| |
|
|
Yunanistan’da Türk döneri
Ahmet Başbuğ "Nevşehir-Yenimahalle'den." Nakliyeci Sait Başbuğ'un oğlu. İstanbul'da, iktisat okumuş. Master için Almanya'ya gelmiş... 1971'de. Master yapmış... Sonra Almanya'da muhasebecilik. Ardından, bir et toptancı firmasının müdürlüğü. Ve 1983'te "kendi firmasını" kurmuş. "Et üzerine." 1996'da da "döner firmasının" tabelasını asmış: "Kapadokya-Berlin Döner."
***
Tesis haftada altı gün çalışıyor. "Çift vardiya." Günde 16 saat.

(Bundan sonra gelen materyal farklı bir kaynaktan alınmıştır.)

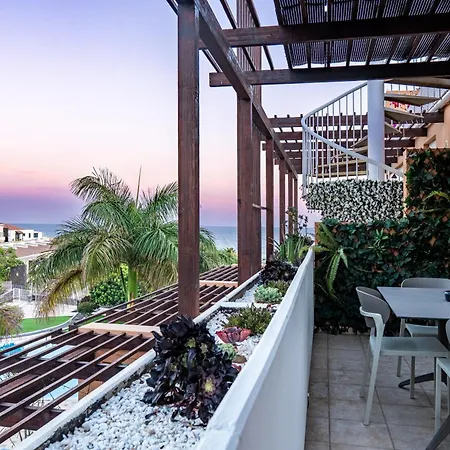 Barista Homes * San Miguel de Abona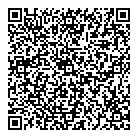 Goodman Institute QR Card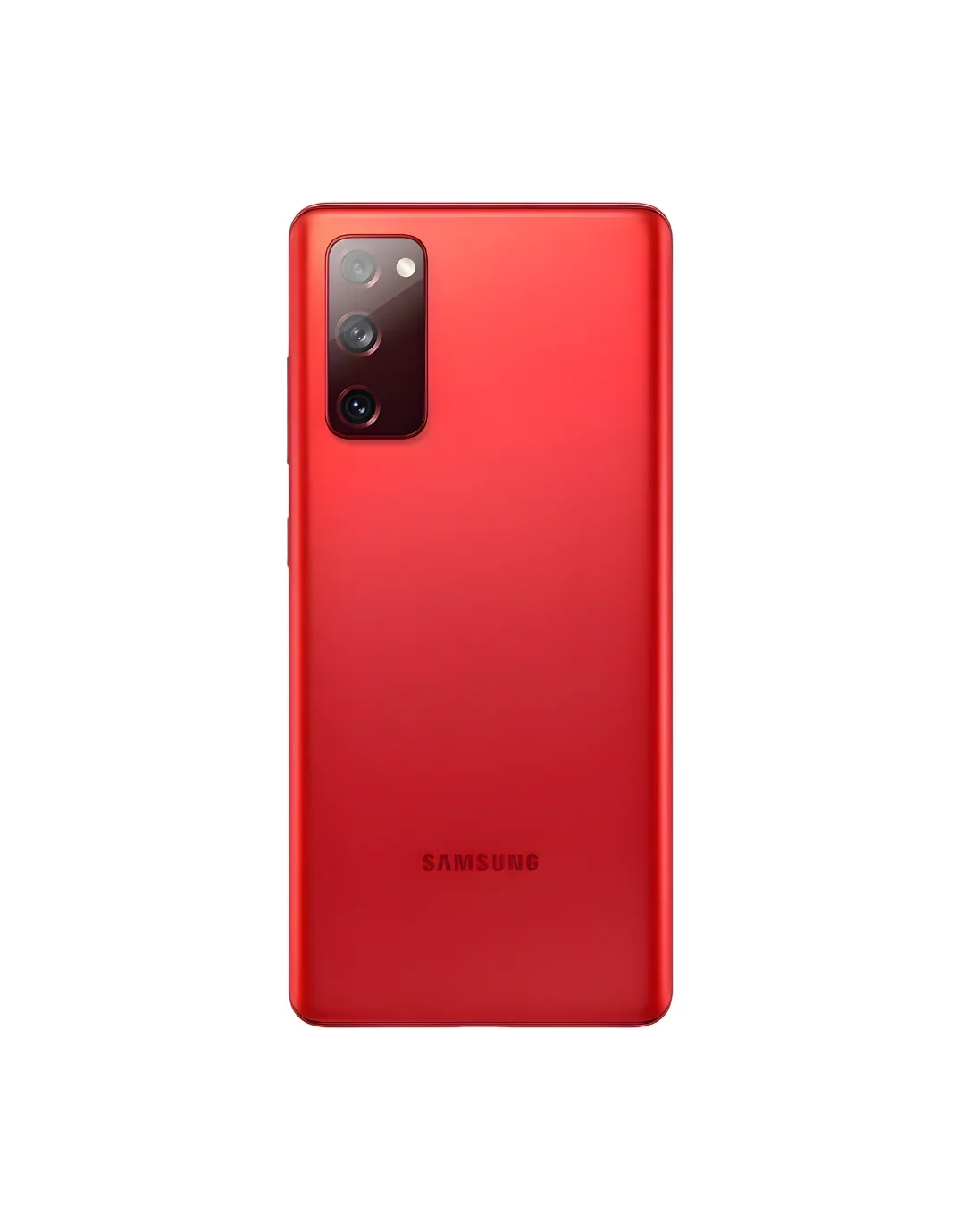 Samsung Galaxy S20 FE 5G Refurbished - Image 14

Üretimin yüzde 20'si "Almanya içinde dağıtılıyor." Geri kalanı ise: İtalya, İspanya, Fransa, Belçika, Yunanistan, Hollanda, Danimarka, Lüksemburg'a.
***
- Ahmet bey... İyi iş başarmışsınız. - Başlangıç çok zordu... Sermaye yok... Zorlandık... Dışlandık... İtilip, kakıldık. Şimdi Yunanistan'a mal yetiştiremiyorum... Bir toptancı var, kendi soğuk hava kamyonuyla gelip buradan alıyor... Atina, toptancı halinde satıyor... Ondan alanlar da "Türk döneri" tabelasıyla Yunanistan'a satış yapıyor... Yunanistan'da Türk döneri çok tutuluyor.
***
"Kapadokya-Berlin Döner" fabrikası, Berlin hapishanesine yakın. Birgün cezaevi müdürü fabrikaya gelmiş: - Cezalarının dolmasına bir yıl kalan, üç Türk mahkum var... Topluma kazandırmak için onlara iş arıyorum... Sizde çalışabilirler mi? Ahmet bey "önce onlarla konuşayım" demiş. Ve konuşmuş: - Çocuklar, uslu duracak mısınız?.. Beni sıkıntıya sokmayacağınıza, sizi işe aldığıma pişman etmeyeceğinize söz verir misiniz? - Veririz.
***
Mahkumlar "gündüz fabrikada, gece cezaevinde." Mahkumlardan birinin "cezası dolmuş", tahliye olmuş. Diğeri "bu ay çıkıyor." Üçüncüsünün "dört ayı" kalmış. "Uslu" çocuklar, fabrikada arı gibi çalışıyorlar. Ahmet Başbuğ öylesine bir "Kapadokya aşığı ki..."Fabrikası "Kapadokya resimleriyle" dolu. Döner sattıklarına bir de "reklam" yapıyor. Yaptığı reklam "Kapadokya reklamı." "Gidin" diyor: - Türk yemeklerini asıl Kapadokya'da yiyin... Kapadokya'yı görün, gezin... Berlin denen yer, Kapadokya'nın yanında köy kalır.